What this task involves: Exclude the pictures and reproduce the remaining data exactly as written.

Recorded data:

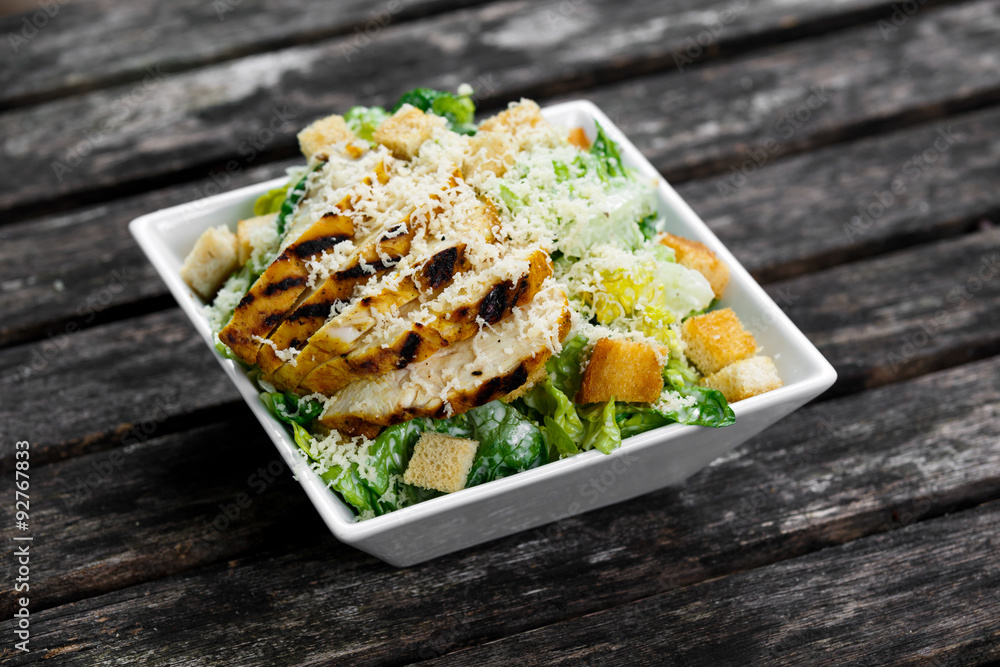 Caesar salad with chicken and lettuce on wooden table Caesar salad with chicken and lettuce on wooden table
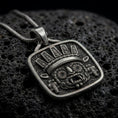 Load image into Gallery viewer, Oxidized sterling silver Tlaloc pendant on black volcanic rock, featuring iconic goggle eyes, fanged mouth, ceremonial headdress, and detailed Aztec geometric patterns.
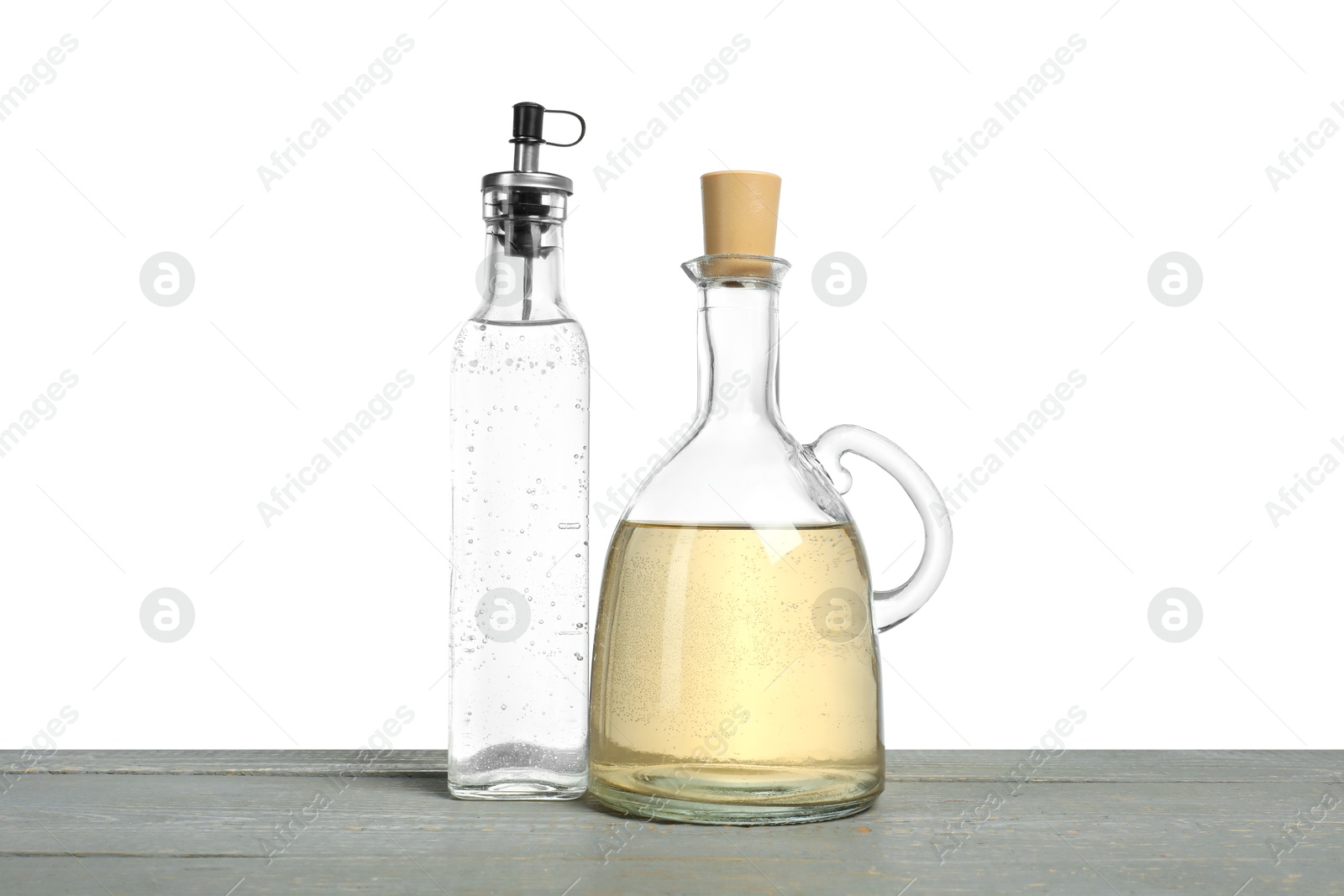 Photo of Vinegars in bottles on grey wooden table against white background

Exercise result:
 Caesar salad with chicken and lettuce on wooden table Caesar salad with chicken and lettuce on wooden table
 Load image into Gallery viewer, Oxidized sterling silver Tlaloc pendant on black volcanic rock, featuring iconic goggle eyes, fanged mouth, ceremonial headdress, and detailed Aztec geometric patterns.
 Photo of Vinegars in bottles on grey wooden table against white background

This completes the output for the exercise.